Elizabeth and I have a lot of things in common, and our mutual affinity for lyrical analysis is chief among them. The vast majority of music is written about romance and relationships, and we certainly appreciate love-related lyrics. But  lately, I’ve been drawn to music that speaks to the greater issues in society.

This evening, I went to Busboys & Poets in DC with some fellow members of the UMD Women’s Collective to attend a lecture on CIA drone attacks in Pakistan. Cindy Sheehan and Ray McGovern were the speakers, and my expectations for a stimulating discussion (and some conspiracy theories) were more than met. What I wasn’t expecting was the musical introduction from David Rovics. Rovics has been called “the musical version of Democracy Now!” and Sheehan introduced him by saying that we would “laugh, cry, and be moved towards direct action” by his lyrics and delivery. We all were.

His folky song style reminded me of The Mountain Goats‘s John Darnielle, but his lyrics could only be compared to the empassioned speeches and political theory I study in (and out of) school. And Rovics’s subject matter is comprehensive: he performed about seven poems and songs and covered: Katrina/New Orleans, activist stereotypes, kid power, the commons, Gaza, Somali pirates, The Eureka Rebellion, Lebanon, and government corruption. A sampling of some song titles:

“who would jesus bomb?” “halliburton boardroom massacre” “after the revolution” “whoever wins in november” “pirates of somalia”

His song about New Orleans and the incredibly racist betrayal of human beings at the hands of an inept government moved me to tears. The next minute, Rovics’s performance of I’m a Better Anarchist Than You had all of us laughing hysterically and exchanging knowing looks. His somber poem, Lebanon 2006, was received by the audience with nods and serious reflection.

I think I was so moved by Rovics because of his combination of musical talent, brilliant lyrics, and praxis. Rovics’s songs are all available for free download on his site (“music is the commons“). He regularly plays house parties and participates in direct action. He says what many are afraid to admit: politicians are all the same.

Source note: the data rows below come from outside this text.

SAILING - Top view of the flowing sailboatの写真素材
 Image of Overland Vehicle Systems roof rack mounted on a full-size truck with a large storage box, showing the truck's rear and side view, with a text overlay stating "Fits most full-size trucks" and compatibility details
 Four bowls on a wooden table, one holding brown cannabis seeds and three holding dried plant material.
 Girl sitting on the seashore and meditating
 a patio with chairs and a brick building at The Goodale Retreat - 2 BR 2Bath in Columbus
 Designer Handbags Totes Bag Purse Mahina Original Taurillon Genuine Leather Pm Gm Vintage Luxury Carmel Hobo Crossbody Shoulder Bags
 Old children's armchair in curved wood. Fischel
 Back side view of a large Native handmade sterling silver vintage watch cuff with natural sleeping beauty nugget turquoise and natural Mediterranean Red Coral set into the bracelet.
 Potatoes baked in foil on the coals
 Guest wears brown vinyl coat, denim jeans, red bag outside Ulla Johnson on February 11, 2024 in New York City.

He has a kid’s CD!!! (I recommend “Bullies”) And his lyrics are neatly archived — something Elizabeth and I greatly appreciate.

I came away from the lecture tonight with a profound reminder of what we’re working towards: the universal realization that each human being – regardless of national origin – is equal, that each human life is equal. (7 CIA agents were killed in Afghanistan in late December by a suicide bomber who was enraged by “tyrant America’s [murder] of civilians.” The US solution to the deaths of several Americans is to launch more attacks on “terrorists,” resulting in civilian deaths far outnumbering the 7 lives lost.)

I also left with a new favorite musician.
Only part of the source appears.